In some embodiments, the one or more processors 608 can implement an operating system (OS) and/or various applications. Examples of an OS include, for example, operating systems generally known under various trade names such as Apple macOS™, Microsoft Windows™, Android™, Linux™, and/or any other proprietary or open-source OS. Examples of applications include, for example, network applications, local applications, data input/output applications, and user interaction applications.
The instruction memory 610 may store instructions that are accessed (e.g., read) and executed by at least one of the one or more processors 608. For example, the instruction memory 610 may be a non-transitory, computer-readable storage medium such as a read-only memory (ROM), an electrically erasable programmable read-only memory (EEPROM), flash memory (e.g., NOR and/or NAND flash memory), content-addressable memory (CAM), polymer memory (e.g., ferroelectric polymer memory), phase-change memory (e.g., ovonic memory), ferroelectric memory, silicon-oxide-nitride-oxide-silicon (SONOS) memory, a removable disk, CD-ROM, any non-volatile memory, or any other suitable memory. The one or more processors 608 may perform a certain function or operation by executing code, stored on the instruction memory 610, embodying the function or operation. For example, the one or more processors 608 may execute code stored in the instruction memory 610 to perform one or more of any function, method, or operation disclosed herein, such as by executing AI-based clinical data generation instructions 650 to perform the one or more of the operations described with respect to AI-based clinical data generation logic 105, AI-based voice engine 202, data extraction LLM prompt generation engine 204, data validation LLM prompt generation engine 206, data correction engine 208, GUI generation engine 210, and LLM engine 212.
Additionally, the one or more processors 608 may store data to, and read data from, the working memory 612. For example, the one or processors 608 may store a working set of instructions to the working memory 612, such as instructions (e.g., AI-based clinical data generation instructions 650) loaded from the instruction memory 610. The one or more processors 608 may also use the working memory 612 to store dynamic data created during one or more operations. The working memory 612 may include, for example, random access memory (RAM) such as a static random access memory (SRAM) or dynamic random access memory (DRAM), Double-Data-Rate DRAM (DDR-RAM), synchronous DRAM (SDRAM), an EEPROM, flash memory (e.g., NOR and/or NAND flash memory), content addressable memory (CAM), polymer memory (e.g., ferroelectric polymer memory), phase-change memory (e.g., ovonic memory), ferroelectric memory, silicon-oxide-nitride-oxide-silicon (SONOS) memory, a removable disk, CD-ROM, any non-volatile memory, or any other suitable memory. Although embodiments are illustrated herein including separated instruction memory 610 and working memory 612, it will be appreciated that the computing device 600 may include a single memory unit that operates as both instruction memory and working memory.

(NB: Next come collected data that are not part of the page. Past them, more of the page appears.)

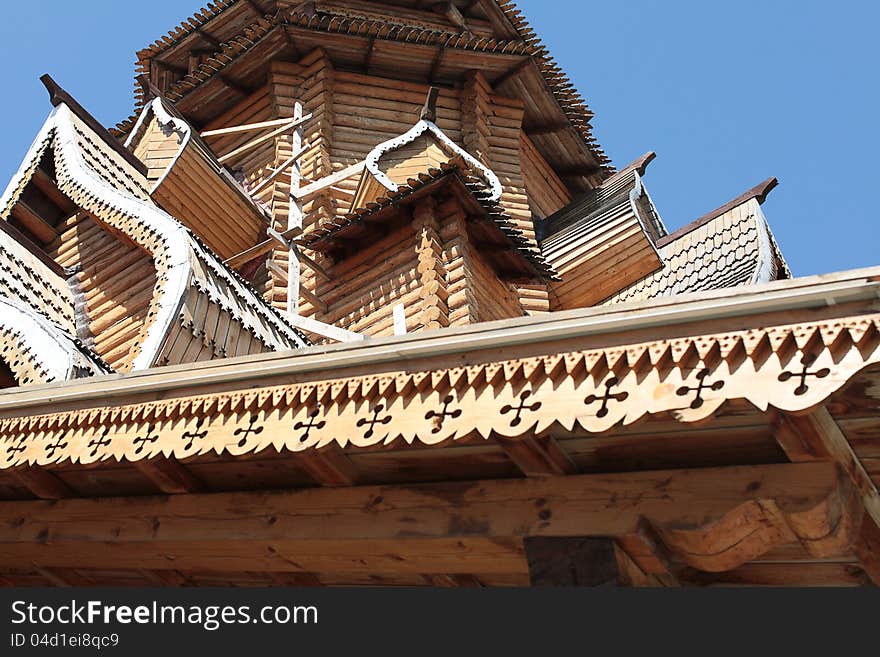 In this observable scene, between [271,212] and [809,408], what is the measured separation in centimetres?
1085

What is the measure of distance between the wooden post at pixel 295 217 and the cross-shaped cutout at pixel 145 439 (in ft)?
24.2

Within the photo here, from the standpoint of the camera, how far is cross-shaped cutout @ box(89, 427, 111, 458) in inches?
152

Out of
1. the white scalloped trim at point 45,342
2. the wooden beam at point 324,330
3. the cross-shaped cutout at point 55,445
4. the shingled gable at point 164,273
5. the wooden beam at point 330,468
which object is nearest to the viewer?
the wooden beam at point 330,468

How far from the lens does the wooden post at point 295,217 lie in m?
11.6

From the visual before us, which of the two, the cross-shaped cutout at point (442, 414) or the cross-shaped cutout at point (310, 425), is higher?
the cross-shaped cutout at point (310, 425)

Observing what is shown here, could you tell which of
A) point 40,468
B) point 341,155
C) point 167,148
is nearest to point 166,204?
point 167,148

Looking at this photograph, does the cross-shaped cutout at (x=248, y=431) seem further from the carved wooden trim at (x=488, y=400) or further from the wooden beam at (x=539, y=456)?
the wooden beam at (x=539, y=456)

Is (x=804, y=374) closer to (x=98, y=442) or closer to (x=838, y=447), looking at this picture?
(x=838, y=447)

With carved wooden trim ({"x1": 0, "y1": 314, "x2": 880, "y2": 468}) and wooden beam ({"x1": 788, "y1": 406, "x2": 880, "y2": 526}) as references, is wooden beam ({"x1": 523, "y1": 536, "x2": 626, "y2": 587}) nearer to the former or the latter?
carved wooden trim ({"x1": 0, "y1": 314, "x2": 880, "y2": 468})

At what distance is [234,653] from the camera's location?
3.21 m

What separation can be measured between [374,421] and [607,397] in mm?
741

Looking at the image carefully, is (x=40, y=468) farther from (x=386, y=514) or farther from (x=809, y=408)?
(x=809, y=408)

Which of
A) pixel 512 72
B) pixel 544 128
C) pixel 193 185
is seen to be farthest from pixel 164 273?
pixel 544 128

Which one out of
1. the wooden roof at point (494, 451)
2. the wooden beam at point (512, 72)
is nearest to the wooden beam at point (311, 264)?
the wooden beam at point (512, 72) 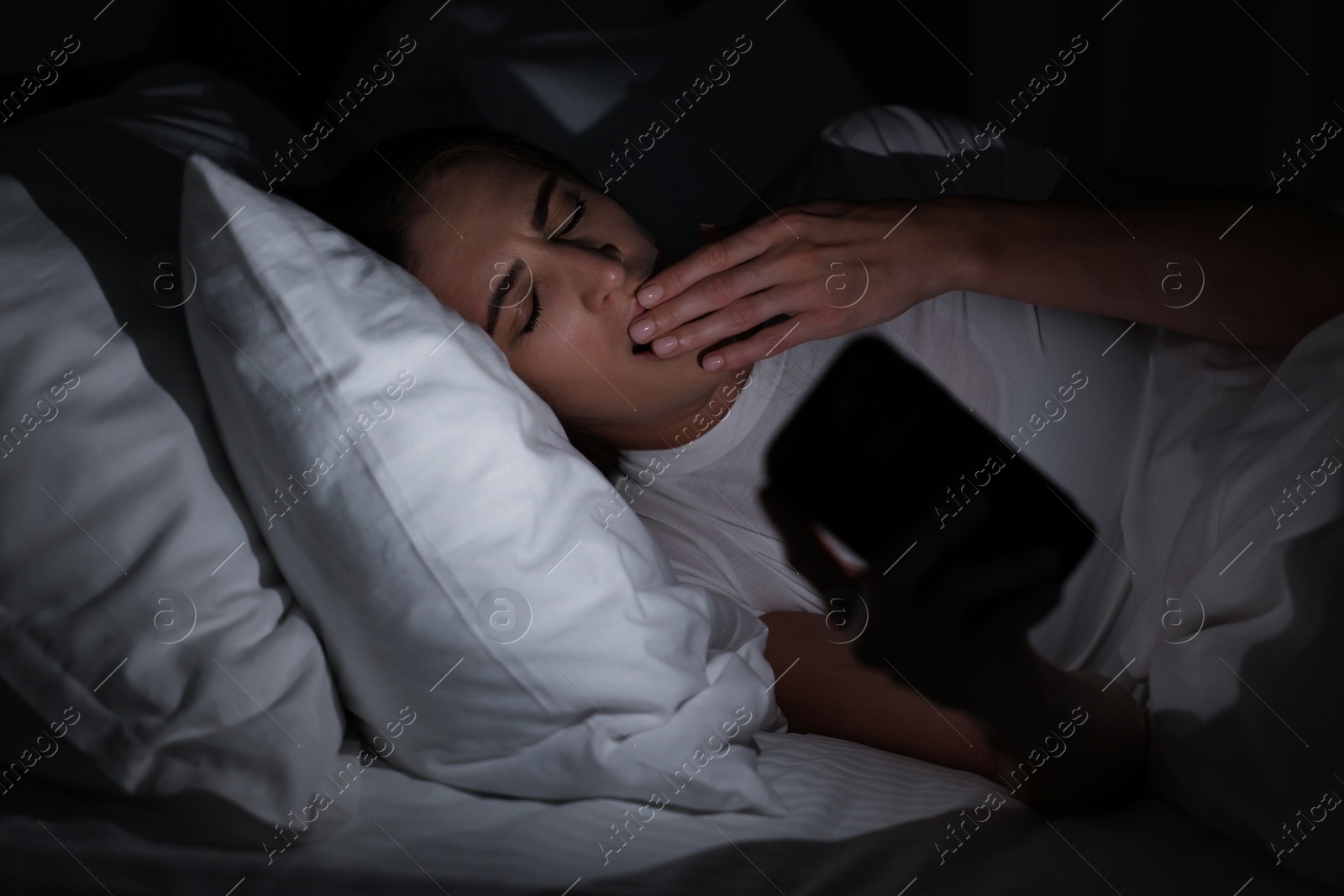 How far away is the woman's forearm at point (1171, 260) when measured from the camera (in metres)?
0.82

In some embodiments, the instruction memory 610 and/or the working memory 612 includes an instruction set in the form of a file for executing various methods, such as for any of the methods described herein. The instruction set may be stored in any acceptable form of computer readable instructions, including source code or various appropriate programming languages. Some examples of programming languages that may be used to store the instruction set include, but are not limited to: Java, JavaScript, C, C++, C #, Python, Objective-C, Visual Basic, .NET, XML, CSS, SQL, NoSQL, Rust, Perl, and assembly. In some embodiments, a compiler or interpreter converts the instruction set into machine executable code for execution by the one or more processors 608.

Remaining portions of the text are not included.